Favorire il benessere
Il rapporto tra la governance e i cittadini nel riprogettare la città favorendo il benessere e contrastando il cambiamento climatico…
Marija: La gente comune dovrebbe avere molta voce in capitolo quando si tratta di ridisegnare le città in cui vivono. Sono i cittadini che giorno per giorno vedono le cose e sanno dove è necessario intervenire per migliorarle; in particolare per quanto riguarda gli spazi verdi. Se e quando saranno stabiliti una comprensione e il sostegno reciproco tra il governo locale e i cittadini, il processo decisionale sarà più democratico e si saranno aperte le porte a un’opportunità immensa in termini di vita più sana, quindi più verde, nelle città.
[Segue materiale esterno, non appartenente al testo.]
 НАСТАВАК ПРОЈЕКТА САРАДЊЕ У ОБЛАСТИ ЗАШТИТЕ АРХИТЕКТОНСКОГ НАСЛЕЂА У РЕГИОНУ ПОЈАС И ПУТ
Iva: Rinverdire le aree urbane appare più fattibile quando i progetti sono basati sulla proprietà comune e sulla cooperazione della comunità. RiHub e il programma partecipativo hanno avuto un ruolo di mediazione tra il pubblico e le autorità. Abbiamo imparato molto e abbiamo dimostrato l’importanza di questo dialogo che coinvolge le parti interessate, inclusi i vari livelli di governo, i proprietari terrieri, le aziende private, le organizzazioni no–profit e i cittadini. Ci dovrebbero essere politiche costanti di coinvolgimento dei cittadini nei vari programmi, così come sarebbe opportuno un cambiamento di mentalità quando si tratta di intervenire negli spazi comuni.
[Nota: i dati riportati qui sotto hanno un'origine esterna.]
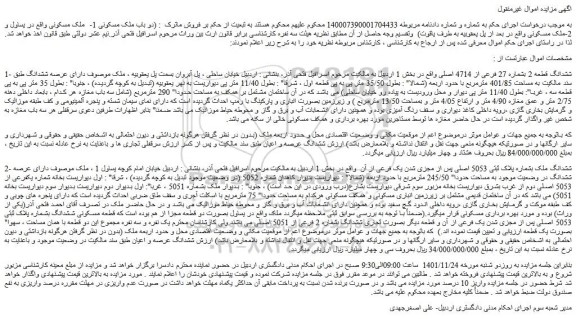 مزایده فروش ششدانگ قطعه 2 بشماره 27 فرعی از 4714 اصلی  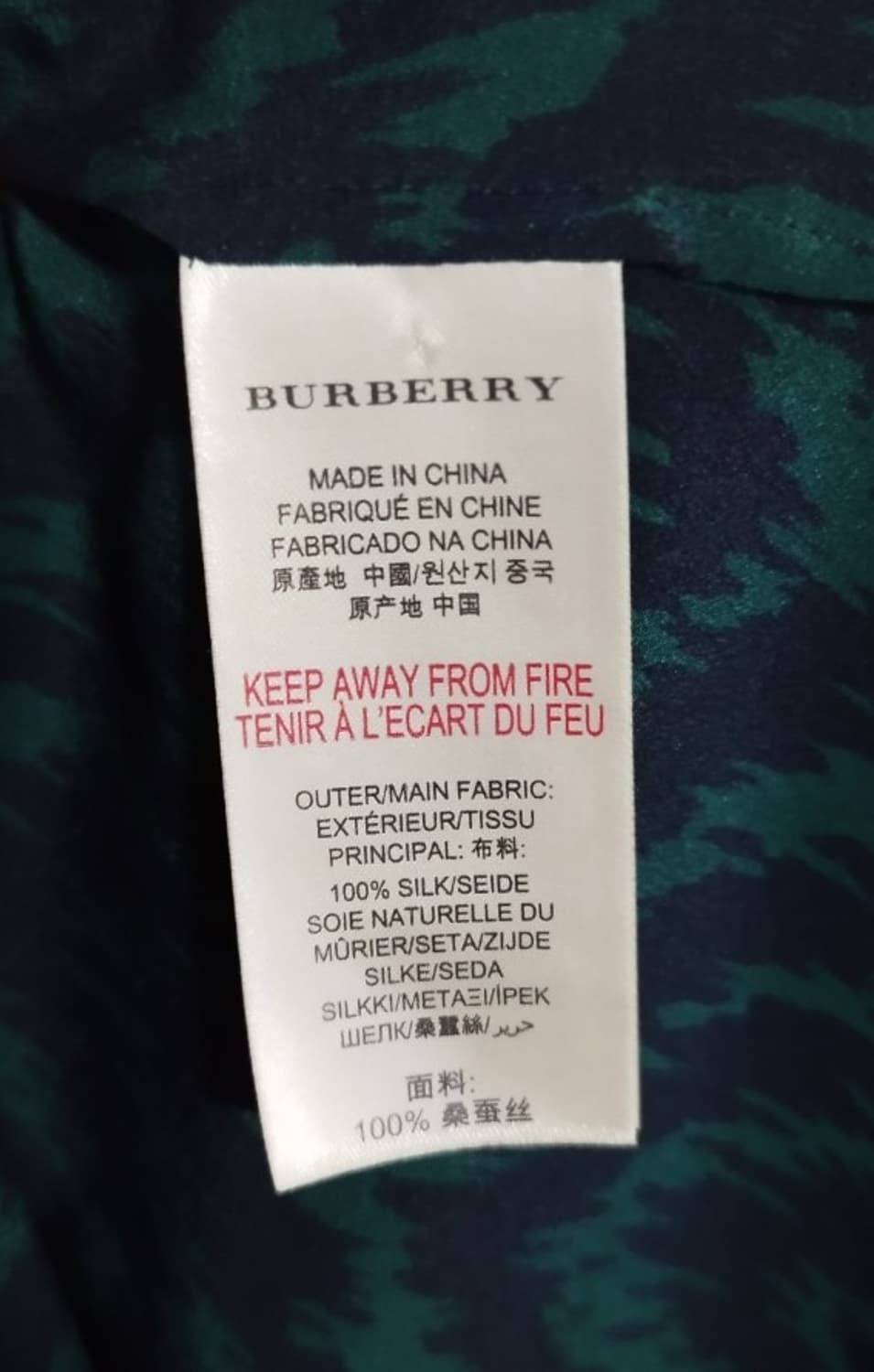 버버리 실크 지그재그 패턴 블라우스 셔츠 상품이미지6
Sherif e Shaku: È essenziale riconoscere che la responsabilità ambientale è solo una parte del processo e non può essere realizzata se mancano gli altri due elementi dello sviluppo sostenibile: la giustizia sociale e l’inclusione economica. Gli obiettivi di sviluppo sostenibile richiedono una profonda trasformazione degli individui, delle comunità e delle istituzioni, ovvero dei tre protagonisti del progresso. Ma bisogna intervenire anche sulla natura stessa delle relazioni che li legano tra loro e con l’ambiente. La comunità locale è la prima linea di questa trasformazione. Nei circoli dello sviluppo è ormai ben compreso che l’area di cambiamento più produttiva e creativa è l’interfaccia tra le istituzioni locali e la comunità. Mi riferisco ai Comitati di quartiere, ai quali vanno assicurati una grande attenzione e il supporto dei dipartimenti cittadini. I Comitati di quartiere devono acquisire una nuova visione del loro ruolo per permettere alla comunità di agire per migliorare l’ambiente; devono acquisire la capacità per farlo e devono avere accesso a fondi e competenze tecniche necessarie per sostenere i progetti avviati. Se ci si muoverà in questa direzione, allora CEC avrà lasciato una meravigliosa eredità. Per quanto riguarda le autorità, dovrebbero definire dei piani strategici capaci di fornire sostegno politico e tecnico, ma anche mezzi economici sufficienti. Inoltre, le procedure andrebbero modificate in modo da sostenere efficacemente questi processi. Gli individui e le comunità hanno potere, ma non possono attuare un’azione coordinata costruttiva senza poter contare sul sostegno delle istituzioni. Nessuno dei due può andare avanti senza l’altro, va pertanto instaurata una relazione matura tra la comunità e le istituzioni. I progetti delle comunità locali sono un’arena dove imparare a cambiare questa relazione e sono quindi essenziali per lo sviluppo sostenibile. Le persone devono imparare a diventare cittadini attivi, assumendosi la responsabilità per il benessere delle loro comunità; al contempo le istituzioni devono imparare a liberare il potere delle comunità, a sostenere le loro iniziative e a guidare i loro sforzi.